**DATA IN THIS EXERCISE**
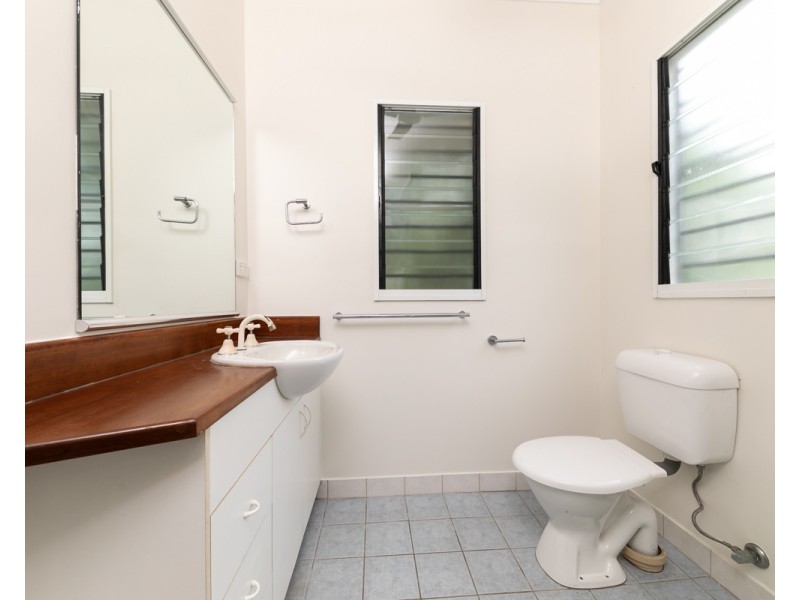 2 Gager Way, Gunn NT 0832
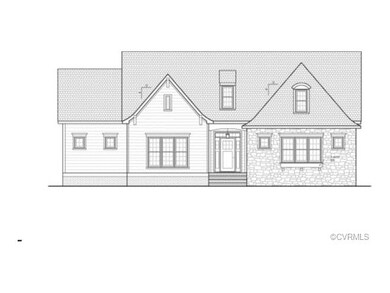 12806 Bircham Ct, Midlothian, VA 23113 - photo 3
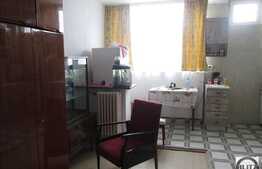 Vanzare garsoniera 29 mp, zona strazii Aleea Padin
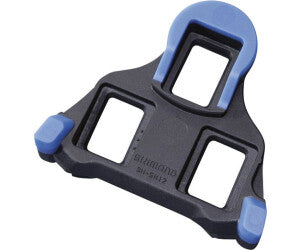 Shimano Cleat Set SM-SH10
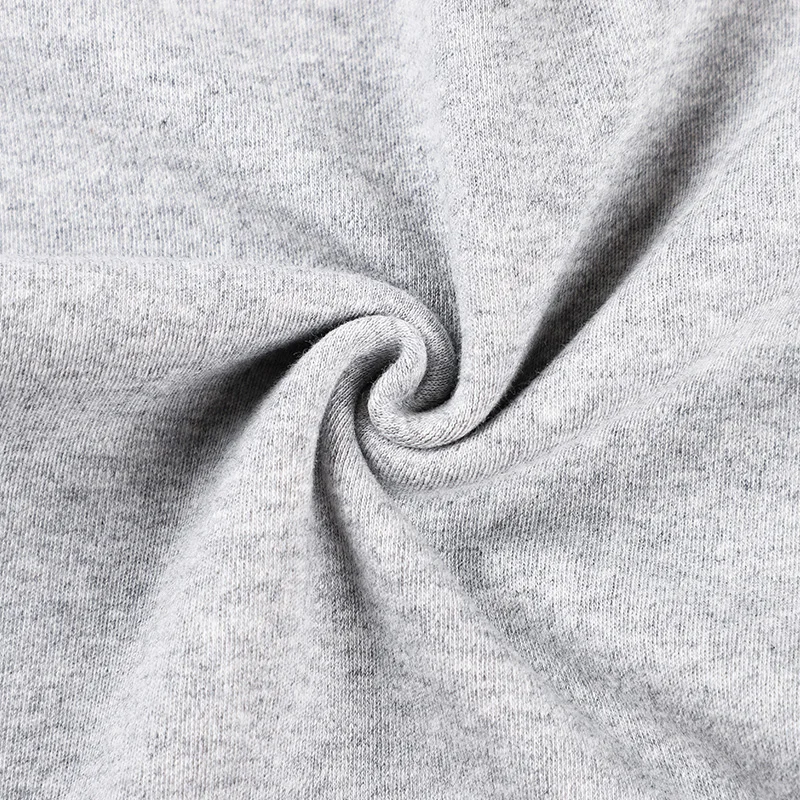 Весна-осень мужские брюки для сна трикотажные хлопковые свободные мягкие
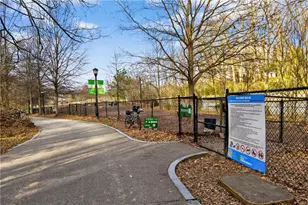 574 Orme Cir NE, Atlanta, GA 30306 - Photo 63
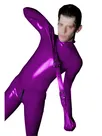 Men Bondage Clothes Skinsuit Wetlook Unitard PVC Adultgame Costume Zipper Crotch Skinsuit Wetlook Unitard Zentai Cosplay Full Catsuitsuit Unitard Jumpsuit Buckle Suit Second Skin Costume Men Bondage Clothes Skinsuit Wetlook Unitard PVC Adultgame Costume Zipper Crotch Skinsuit Wetlook Unitard Zentai Cosplay Full Catsuitsuit Unitard Jumpsuit Buckle Suit Second Skin Costume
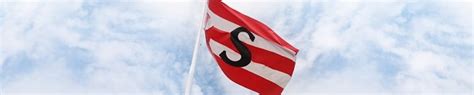 PT Samudera Shipping Services in Jakarta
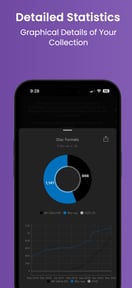 My Movies 5 Pro - Movie & TV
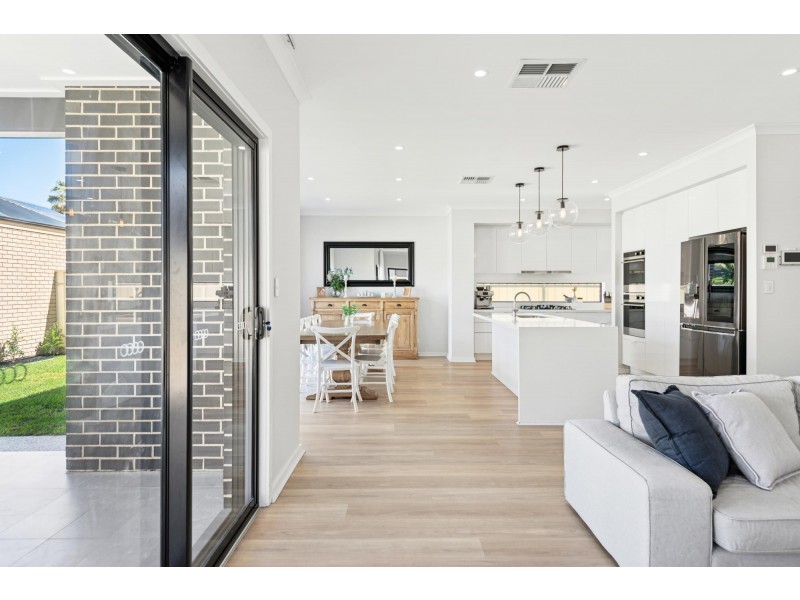 7c Myrtle Street, Royal Park SA 5014
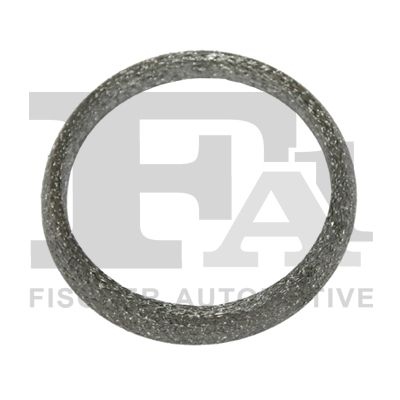 Clipavgasror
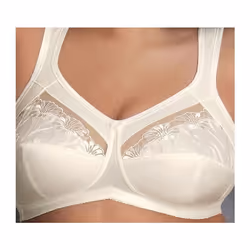 Anita Safina soutien-gorge Bonnet souple Avec armature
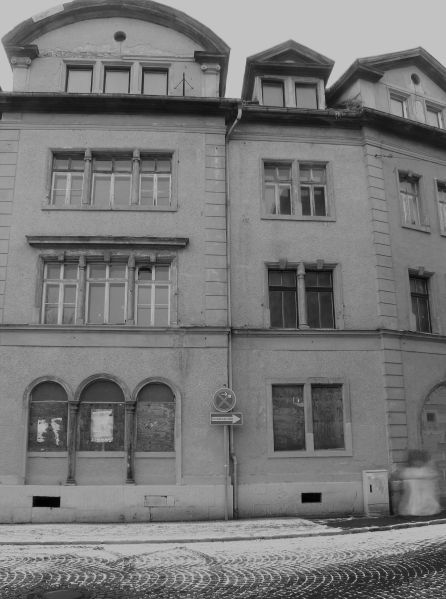 File:Ernst-Kohl-Straße1.jpg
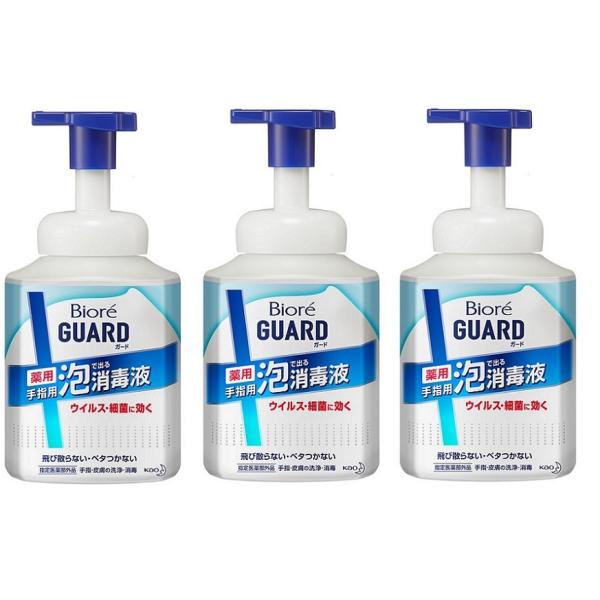 y3{Zbgzԉ@rIK[h@pAŏoŉt rIK[hpŃtH[ {́F420ml 40113-3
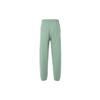 Nike Nrg Sweatpant CW5460-006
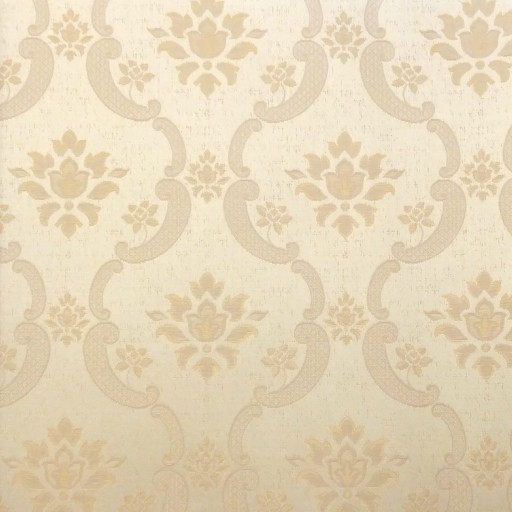 Обои Print4, коллекция Via Monte Napoleone, артикул 4630-E2 Обои Print4, коллекция Via Monte Napoleone, артикул 4630-E2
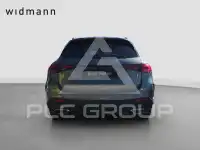 2024 Mercedes Benz GLC 300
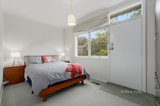 https://images.listonce.com.au/custom/160x/listings/31-torroodun-street-mount-waverley-vic-3149/205/01173205_img_08.jpg?MsgI22pSKPE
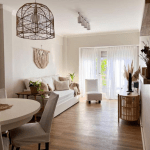 Alquiler Departamento 2279 Gascón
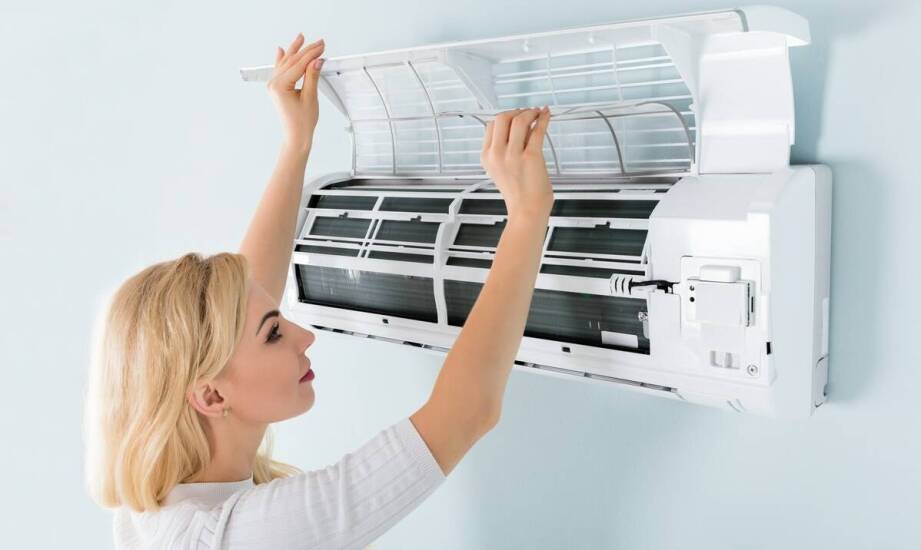 Etapy montażu klimatyzacji – co warto wiedzieć przed instalacją urządzenia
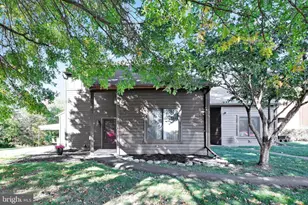 1201 Village Rd, Orwigsburg, PA 17961 - Photo 24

**ASSIGNMENT**
All of the records must come back exactly as they stand, minus every picture.

**RESULT OF THE EXERCISE**
 2 Gager Way, Gunn NT 0832
 12806 Bircham Ct, Midlothian, VA 23113 - photo 3
 Vanzare garsoniera 29 mp, zona strazii Aleea Padin
 Shimano Cleat Set SM-SH10
 Весна-осень мужские брюки для сна трикотажные хлопковые свободные мягкие
 574 Orme Cir NE, Atlanta, GA 30306 - Photo 63
 Men Bondage Clothes Skinsuit Wetlook Unitard PVC Adultgame Costume Zipper Crotch Skinsuit Wetlook Unitard Zentai Cosplay Full Catsuitsuit Unitard Jumpsuit Buckle Suit Second Skin Costume Men Bondage Clothes Skinsuit Wetlook Unitard PVC Adultgame Costume Zipper Crotch Skinsuit Wetlook Unitard Zentai Cosplay Full Catsuitsuit Unitard Jumpsuit Buckle Suit Second Skin Costume
 PT Samudera Shipping Services in Jakarta
 My Movies 5 Pro - Movie & TV
 7c Myrtle Street, Royal Park SA 5014
 Clipavgasror
 Anita Safina soutien-gorge Bonnet souple Avec armature
 File:Ernst-Kohl-Straße1.jpg
 y3{Zbgzԉ@rIK[h@pAŏoŉt rIK[hpŃtH[ {́F420ml 40113-3
 Nike Nrg Sweatpant CW5460-006
 Обои Print4, коллекция Via Monte Napoleone, артикул 4630-E2 Обои Print4, коллекция Via Monte Napoleone, артикул 4630-E2
 2024 Mercedes Benz GLC 300
 https://images.listonce.com.au/custom/160x/listings/31-torroodun-street-mount-waverley-vic-3149/205/01173205_img_08.jpg?MsgI22pSKPE
 Alquiler Departamento 2279 Gascón
 Etapy montażu klimatyzacji – co warto wiedzieć przed instalacją urządzenia
 1201 Village Rd, Orwigsburg, PA 17961 - Photo 24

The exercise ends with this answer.